Jakiś czas temu Quebonafide wyśmiał pomysł Wojtka Goli o jego walce z Fabijańskim na Fame MMA. Teraz podczas wizyty w studiu RapNews Fabijański przyznał, że chętnie zmierzyłby się z Quebo w formule RapNokaut.
Jeden z fanów zaproponował w komentarzu, żeby Fabijański wziął udział w walce na RapNokaut, na co raper zareagował entuzjastycznie.
"Idźmy w to. Problem jest taki, że o mnie to jest bardzo dużo, ale o tym, którego mi dasz, pewnie będzie niewiele. Chyba, że napatoczy się jakiś poważny zawodnik.
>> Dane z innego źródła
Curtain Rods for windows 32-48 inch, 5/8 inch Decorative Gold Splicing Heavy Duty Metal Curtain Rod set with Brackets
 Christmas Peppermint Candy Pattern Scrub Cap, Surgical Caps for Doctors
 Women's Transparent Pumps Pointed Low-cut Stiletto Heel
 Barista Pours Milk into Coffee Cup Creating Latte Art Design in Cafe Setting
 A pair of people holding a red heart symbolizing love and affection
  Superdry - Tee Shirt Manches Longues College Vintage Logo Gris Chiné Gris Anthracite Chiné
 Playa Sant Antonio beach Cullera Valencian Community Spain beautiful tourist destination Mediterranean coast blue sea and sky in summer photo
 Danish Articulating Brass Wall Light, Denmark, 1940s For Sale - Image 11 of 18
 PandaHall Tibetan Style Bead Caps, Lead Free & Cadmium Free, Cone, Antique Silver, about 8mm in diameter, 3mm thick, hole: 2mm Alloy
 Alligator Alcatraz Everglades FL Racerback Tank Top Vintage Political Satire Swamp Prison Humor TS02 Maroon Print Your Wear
Daj mi Quebo i jedziemy." - mówi Fabijański.
Siwy nie zgodził się z pomysłem byłego członka Asfalt Records, twierdząc, że dużo mu do Quebo brakuje.
"Musiałbyś nagrać jeszcze z 10 albumów, stoczyć jeszcze 100 walk i wtedy moglibyśmy to rozważać. Póki co sorry Seba, ale nie twoja liga. Chyba wszyscy ci to już od roku uświadomili. To nie fair, żeby Zidane grał w Górniku Zabrze." - odpowiedział prowadzący.
Fabijański skontrował odpowiedź Siwego swoim argumentem.
"Niech Zidane gra w Realu Madryt, ale dlaczego nie chcesz dać Górnikowi Zabrze zagrać z Realem. Całe życie ma wygrywać za zasługi? Piłkarze nie grają za zasługi." - kończy raper.
Potem Fabijański przyznał, że mimo wszystko chętnie by się sprawdził w formule battle rap.